Re: [Intel-gfx] [PATCH 5/5] drm/i915:Use the coarse mechanism based on drm fd to dispatch the BSD command on BDW GT3

2014-04-09 Thread Zhao Yakui
On Wed, 2014-04-09 at 08:34 -0600, Daniel Vetter wrote:
 On Wed, Apr 09, 2014 at 09:59:56AM +0800, Zhao Yakui wrote:
  The BDW GT3 has two independent BSD rings, which can be used to process the
  video commands. To be simpler, it is transparent to user-space 
  driver/middleware.
  Instead the kernel driver will decide which ring is to dispatch the BSD 
  video
  command.
  
  As every BSD ring is powerful, it is enough to dispatch the BSD video 
  command
  based on the drm fd.
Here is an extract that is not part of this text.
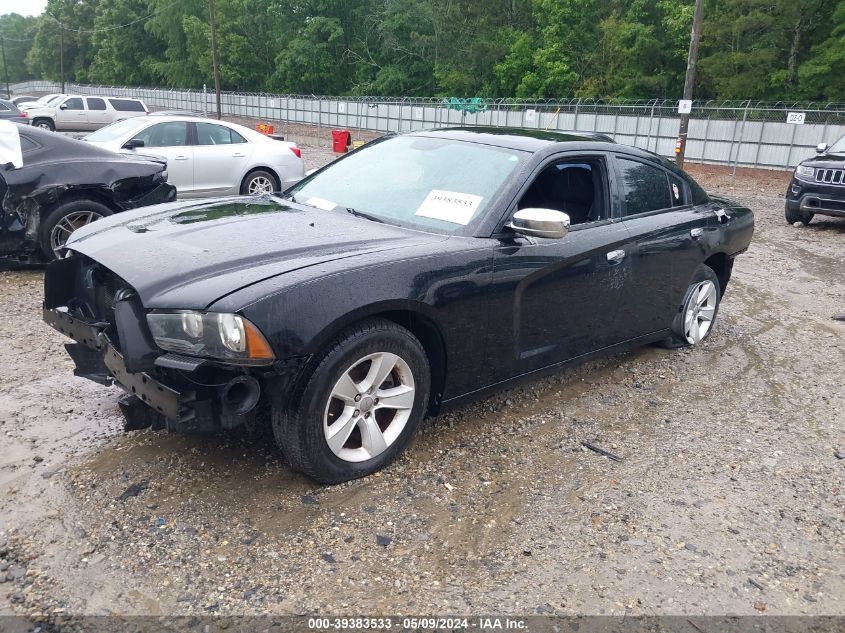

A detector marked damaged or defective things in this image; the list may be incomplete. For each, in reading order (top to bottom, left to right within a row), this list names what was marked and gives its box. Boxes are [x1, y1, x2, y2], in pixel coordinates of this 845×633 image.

dark damaged car [0, 123, 175, 262]
exposed headlight [146, 312, 274, 366]
dark damaged car [42, 130, 752, 484]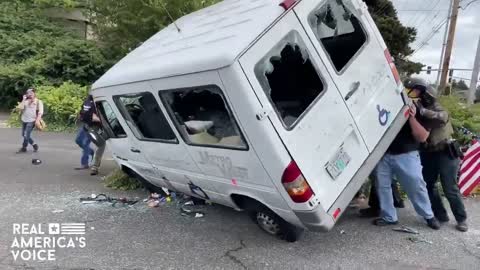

In such case the different BSD ring is used for video 
  playing
  back and encoding. At the same time the coarse dispatch mechanism can help 
  to avoid
  the object synchronization between the BSD rings.
  
  Signed-off-by: Zhao Yakui yakui.z...@intel.com
 
 This looks way too complicated. First things first please get rid of the
 atomic_t usage. If you don't have _massive_ comments explaining the memory
 barriers you're most likely using linux kernel atomic_t wrong. They are
 fully unordered.

Thanks for the review.

For the atomic_t usage:  I will remove it in next version as the counter
is already protected by the lock.  

 
 With that out of the way this still looks a bit complicated really. Can't
 we just use a very simple static rule in gen8_dispatch_bsd_ring which
 hashed the pointer address of the file_priv? Just to get things going,
 once we have a clear need we can try to make things more intelligent. But
 in case of doubt I really prefer if we start with the dumbest possible
 approach first and add complexity instead of starting with something
 really complex and simplifying it.

Do you mean that file_priv is hashed and then is mapped to BSD 0 or 1
ring?  
The GT3 machine has two independent BSD rings. It will be better that
the kernel driver can balance the video workload between the two rings. 
When using the hashed file_priv to select BSD ring, the video balance
depends on the design of hash design. Under some scenarios, it will be
possible that one ring is very busy while another ring is very idle. And
then performance of video playing back/encoding will be affected.
At the same time the hash mechanism is only used to select the
corresponding BSD ring when one drm_fd is opened. And it doesn't
consider the video workload balance after finishing some workloads.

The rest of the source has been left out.